(Caption-style text data)
________________________
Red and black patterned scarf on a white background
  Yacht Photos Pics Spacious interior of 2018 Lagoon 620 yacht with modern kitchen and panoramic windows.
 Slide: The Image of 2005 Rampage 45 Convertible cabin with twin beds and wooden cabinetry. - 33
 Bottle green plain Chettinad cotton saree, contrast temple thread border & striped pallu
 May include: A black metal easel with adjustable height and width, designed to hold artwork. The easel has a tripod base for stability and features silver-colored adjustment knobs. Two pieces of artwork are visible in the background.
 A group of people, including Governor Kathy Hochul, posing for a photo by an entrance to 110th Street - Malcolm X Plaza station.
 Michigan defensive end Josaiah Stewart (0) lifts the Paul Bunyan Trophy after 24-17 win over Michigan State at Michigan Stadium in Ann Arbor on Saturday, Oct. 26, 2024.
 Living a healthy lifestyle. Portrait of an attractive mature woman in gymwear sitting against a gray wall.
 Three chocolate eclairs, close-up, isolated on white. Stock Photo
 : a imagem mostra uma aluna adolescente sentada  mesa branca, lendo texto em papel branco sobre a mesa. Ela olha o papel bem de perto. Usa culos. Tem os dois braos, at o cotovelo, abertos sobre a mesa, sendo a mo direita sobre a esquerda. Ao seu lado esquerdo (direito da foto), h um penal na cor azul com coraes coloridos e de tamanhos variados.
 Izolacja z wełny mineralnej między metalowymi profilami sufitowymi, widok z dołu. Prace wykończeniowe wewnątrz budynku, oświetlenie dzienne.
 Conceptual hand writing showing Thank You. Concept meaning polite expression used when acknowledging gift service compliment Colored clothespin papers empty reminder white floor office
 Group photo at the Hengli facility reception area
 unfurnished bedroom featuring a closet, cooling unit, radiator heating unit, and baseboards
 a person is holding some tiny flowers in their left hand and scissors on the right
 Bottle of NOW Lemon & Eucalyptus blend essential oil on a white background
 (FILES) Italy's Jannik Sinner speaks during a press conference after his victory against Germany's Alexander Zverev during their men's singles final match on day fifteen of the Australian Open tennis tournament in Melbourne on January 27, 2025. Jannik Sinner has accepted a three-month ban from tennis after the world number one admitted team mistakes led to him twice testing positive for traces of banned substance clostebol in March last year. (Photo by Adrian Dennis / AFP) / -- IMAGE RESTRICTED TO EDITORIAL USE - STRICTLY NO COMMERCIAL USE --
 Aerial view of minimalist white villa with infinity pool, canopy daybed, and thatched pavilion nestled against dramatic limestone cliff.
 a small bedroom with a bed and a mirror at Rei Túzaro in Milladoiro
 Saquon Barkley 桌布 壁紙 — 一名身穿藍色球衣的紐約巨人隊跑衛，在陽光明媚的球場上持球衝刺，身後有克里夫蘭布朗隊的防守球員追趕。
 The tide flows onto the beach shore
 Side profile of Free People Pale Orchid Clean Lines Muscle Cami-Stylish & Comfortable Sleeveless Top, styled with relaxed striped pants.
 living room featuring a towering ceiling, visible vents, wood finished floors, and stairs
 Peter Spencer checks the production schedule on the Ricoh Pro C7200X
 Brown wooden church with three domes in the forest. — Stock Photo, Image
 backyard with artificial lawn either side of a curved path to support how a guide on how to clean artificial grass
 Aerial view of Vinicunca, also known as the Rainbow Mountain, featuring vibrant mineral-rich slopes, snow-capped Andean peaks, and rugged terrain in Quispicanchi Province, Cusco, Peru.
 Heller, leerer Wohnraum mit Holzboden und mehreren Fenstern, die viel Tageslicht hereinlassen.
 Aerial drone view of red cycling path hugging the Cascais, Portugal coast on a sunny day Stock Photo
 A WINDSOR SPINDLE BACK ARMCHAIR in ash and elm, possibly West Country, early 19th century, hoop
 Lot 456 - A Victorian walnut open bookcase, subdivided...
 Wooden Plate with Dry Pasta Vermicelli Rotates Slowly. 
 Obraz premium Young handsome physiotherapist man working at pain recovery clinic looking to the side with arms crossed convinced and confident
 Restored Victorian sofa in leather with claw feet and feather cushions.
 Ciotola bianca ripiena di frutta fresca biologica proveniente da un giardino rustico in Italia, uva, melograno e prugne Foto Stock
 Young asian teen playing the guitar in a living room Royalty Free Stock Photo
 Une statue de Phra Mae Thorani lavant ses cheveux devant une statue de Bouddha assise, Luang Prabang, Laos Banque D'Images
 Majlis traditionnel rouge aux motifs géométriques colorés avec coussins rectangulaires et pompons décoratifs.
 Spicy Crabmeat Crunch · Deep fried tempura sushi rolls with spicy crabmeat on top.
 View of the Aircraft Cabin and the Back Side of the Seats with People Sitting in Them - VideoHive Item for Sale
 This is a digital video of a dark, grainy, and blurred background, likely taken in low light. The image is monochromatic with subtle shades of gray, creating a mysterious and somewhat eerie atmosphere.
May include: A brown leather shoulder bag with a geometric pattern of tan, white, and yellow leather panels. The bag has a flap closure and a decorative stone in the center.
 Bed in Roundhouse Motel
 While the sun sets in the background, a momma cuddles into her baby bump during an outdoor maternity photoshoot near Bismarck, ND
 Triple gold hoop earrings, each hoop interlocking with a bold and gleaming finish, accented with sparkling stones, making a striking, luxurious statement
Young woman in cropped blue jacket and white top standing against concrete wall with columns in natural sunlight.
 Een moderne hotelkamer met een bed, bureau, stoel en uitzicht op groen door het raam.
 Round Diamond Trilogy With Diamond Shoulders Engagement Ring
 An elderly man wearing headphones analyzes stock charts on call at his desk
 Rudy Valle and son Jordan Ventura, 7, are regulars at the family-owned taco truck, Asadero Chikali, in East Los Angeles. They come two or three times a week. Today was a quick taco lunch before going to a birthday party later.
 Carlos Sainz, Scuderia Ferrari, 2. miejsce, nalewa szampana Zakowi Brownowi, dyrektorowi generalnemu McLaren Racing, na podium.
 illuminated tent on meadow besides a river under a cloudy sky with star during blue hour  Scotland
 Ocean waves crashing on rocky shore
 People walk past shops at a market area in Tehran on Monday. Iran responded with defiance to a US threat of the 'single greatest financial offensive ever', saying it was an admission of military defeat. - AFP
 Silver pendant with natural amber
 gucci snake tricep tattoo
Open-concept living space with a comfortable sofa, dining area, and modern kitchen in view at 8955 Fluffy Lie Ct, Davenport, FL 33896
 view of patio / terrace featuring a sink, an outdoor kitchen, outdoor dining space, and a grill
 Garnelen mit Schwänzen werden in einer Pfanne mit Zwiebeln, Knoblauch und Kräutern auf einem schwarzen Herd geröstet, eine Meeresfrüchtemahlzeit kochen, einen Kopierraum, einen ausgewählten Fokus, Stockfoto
________________________
Requirement
What are the lines, exactly as written above, from the line with "Izolacja z wełny" to the line with "(FILES) Italy's Jannik", both included? Output only those.

Task output
 Izolacja z wełny mineralnej między metalowymi profilami sufitowymi, widok z dołu. Prace wykończeniowe wewnątrz budynku, oświetlenie dzienne.
 Conceptual hand writing showing Thank You. Concept meaning polite expression used when acknowledging gift service compliment Colored clothespin papers empty reminder white floor office
 Group photo at the Hengli facility reception area
 unfurnished bedroom featuring a closet, cooling unit, radiator heating unit, and baseboards
 a person is holding some tiny flowers in their left hand and scissors on the right
 Bottle of NOW Lemon & Eucalyptus blend essential oil on a white background
 (FILES) Italy's Jannik Sinner speaks during a press conference after his victory against Germany's Alexander Zverev during their men's singles final match on day fifteen of the Australian Open tennis tournament in Melbourne on January 27, 2025. Jannik Sinner has accepted a three-month ban from tennis after the world number one admitted team mistakes led to him twice testing positive for traces of banned substance clostebol in March last year. (Photo by Adrian Dennis / AFP) / -- IMAGE RESTRICTED TO EDITORIAL USE - STRICTLY NO COMMERCIAL USE --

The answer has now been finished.